Segment Start: Data excerpts
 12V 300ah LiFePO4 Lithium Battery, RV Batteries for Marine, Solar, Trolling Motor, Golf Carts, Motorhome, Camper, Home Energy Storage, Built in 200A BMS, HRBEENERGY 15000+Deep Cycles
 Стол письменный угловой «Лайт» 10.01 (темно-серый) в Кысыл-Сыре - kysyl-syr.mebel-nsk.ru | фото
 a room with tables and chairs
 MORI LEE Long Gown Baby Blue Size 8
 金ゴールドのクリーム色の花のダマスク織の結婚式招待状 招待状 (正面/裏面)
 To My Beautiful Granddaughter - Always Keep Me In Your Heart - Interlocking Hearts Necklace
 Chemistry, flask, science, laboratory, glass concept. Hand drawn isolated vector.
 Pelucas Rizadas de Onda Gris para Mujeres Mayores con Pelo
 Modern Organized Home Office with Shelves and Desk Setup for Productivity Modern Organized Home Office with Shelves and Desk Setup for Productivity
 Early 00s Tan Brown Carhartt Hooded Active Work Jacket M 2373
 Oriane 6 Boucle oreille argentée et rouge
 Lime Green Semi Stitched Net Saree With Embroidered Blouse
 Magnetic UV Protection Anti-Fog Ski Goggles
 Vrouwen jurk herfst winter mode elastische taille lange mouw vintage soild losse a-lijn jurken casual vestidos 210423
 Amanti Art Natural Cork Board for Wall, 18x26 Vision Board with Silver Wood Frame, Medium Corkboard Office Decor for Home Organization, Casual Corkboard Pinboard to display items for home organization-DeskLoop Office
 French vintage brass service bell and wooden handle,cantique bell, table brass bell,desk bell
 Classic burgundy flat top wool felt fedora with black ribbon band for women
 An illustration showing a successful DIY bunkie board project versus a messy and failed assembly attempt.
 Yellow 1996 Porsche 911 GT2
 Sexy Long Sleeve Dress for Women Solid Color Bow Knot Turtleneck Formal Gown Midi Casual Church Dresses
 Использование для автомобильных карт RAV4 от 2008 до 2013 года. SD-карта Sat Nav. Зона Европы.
Segment End: Data excerpts
| Task brief |
Of the entries above, repeat exactly the lines between the line with "Lime Green Semi" and the line with "French vintage brass", inclusive, and no others.

| Exercise result |
 Lime Green Semi Stitched Net Saree With Embroidered Blouse
 Magnetic UV Protection Anti-Fog Ski Goggles
 Vrouwen jurk herfst winter mode elastische taille lange mouw vintage soild losse a-lijn jurken casual vestidos 210423
 Amanti Art Natural Cork Board for Wall, 18x26 Vision Board with Silver Wood Frame, Medium Corkboard Office Decor for Home Organization, Casual Corkboard Pinboard to display items for home organization-DeskLoop Office
 French vintage brass service bell and wooden handle,cantique bell, table brass bell,desk bell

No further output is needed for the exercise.